Andy, in response to my griping on #Rstats, asks “What’s wrong with an arrow going both ways!?!?!” In R one can perfom assignment three ways:

a = 2
a <- 2
2 -> a

I’m pretty sure all these things are equivalent. The only subtlety I’ve noticed so far is that to set default options in function definitions you have to use `=`.

This redundancy drives me absolutely nuts as an R beginner. From a human point of view code has two main jobs: to be written and to be read. Now for the first job, having three different ways to assign a value to a variable might be nice? I’m not sure how, but I guess it would be nice sometimes to write a function, then remember that you hadn’t assigned it a variable and do it at the end instead.

For the second job  though, reading R is awful. Now I’ve heard horror stories about perl, so maybe it’s just that I’m used to readable code and that, in the big scheme of things, R is nice and readable. But yesterday, ploughing through someone’s metaprogramming, tearing at my hair as to the obtuseness of everything, I was foiled for about an hour having not realised that the fsking arrow could go both ways.

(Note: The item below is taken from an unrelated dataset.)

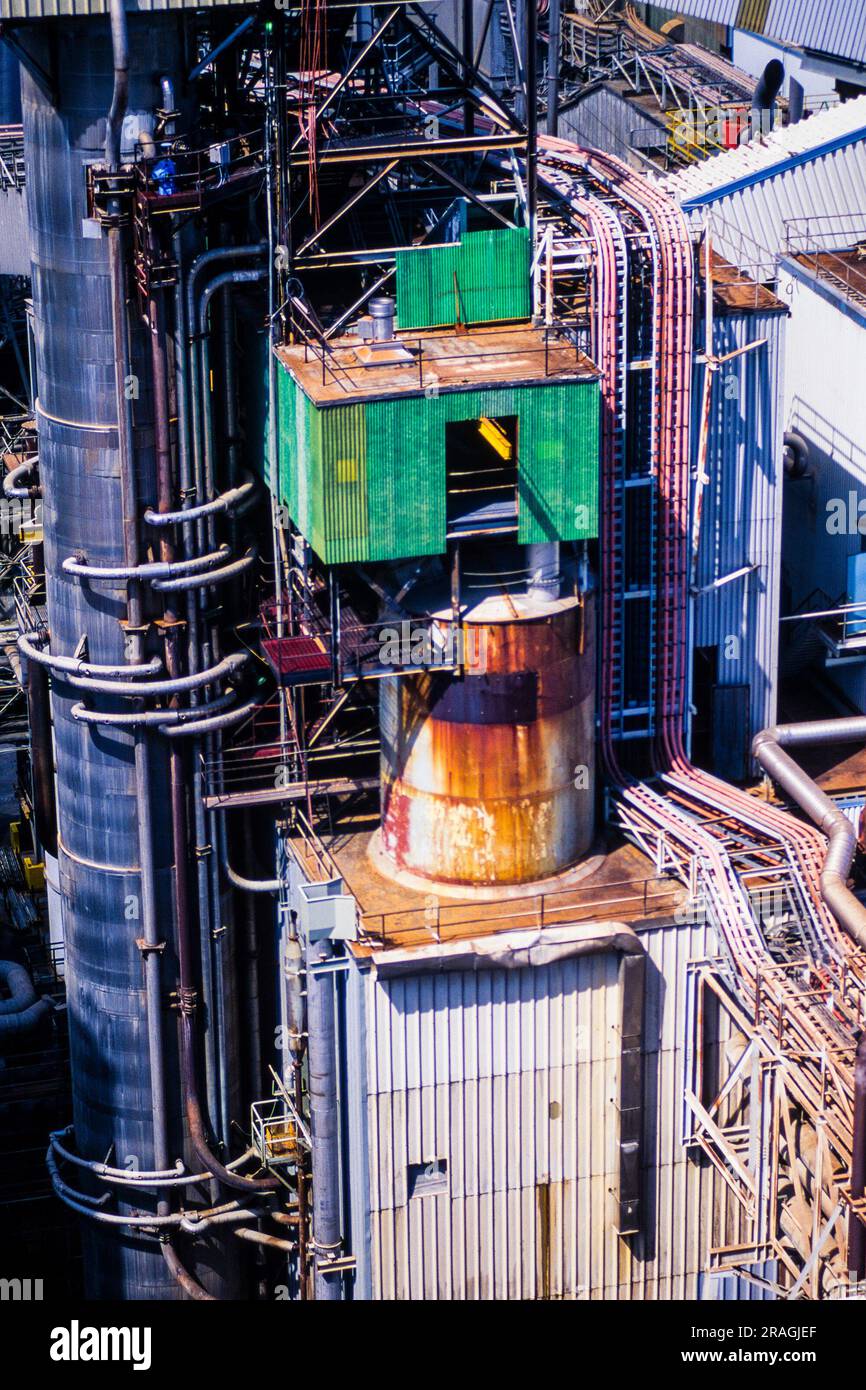 Aerial image of Campbell River mill, Elk Falls, BC, Canada Stock Photo Alamy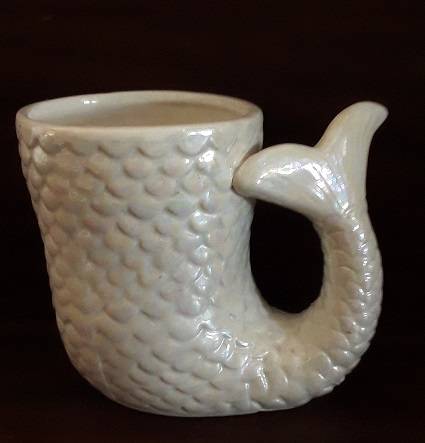 Porcelain Mermaid Tale Pearl Luster Novelty Mug 11 CM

I think it highlights a big flaw in R. Sometimes it’s like no “destructive” design decisions have been taken since the original work of Ihaka and Gentleman. I spend so much time messing about trying to convert a data.frame of factors into a list of “vectors” of strings or something. It seems that no-one has ever said “OK, we need a way to assign a value to a variable: let’s pick one”. Instead three have emerged. There are two different types of classes (which only seems to have any real effect on the help files). There are loads of data types that are in regular use, with somewhat bastardised names (i.e. a ‘vector’, ‘matrix’, ‘list’, ‘array’ are all different things – a vector doesn’t seem to be a subclass of matrix, for example).

Now, I’m sure that the pluralities in R could maybe be held up to be a good thing. They probably encode subtleties that I don’t understand, and that my bitching is just me exposing my naivety about the language. And I know that R is descended from LISP and S and that its user base either grew up with R or with one of these other languages. Therefore things that are natural to this background will seem alien to someone like me with a MATLAB and Python background. And there’s backwards compatibility to consider and so on.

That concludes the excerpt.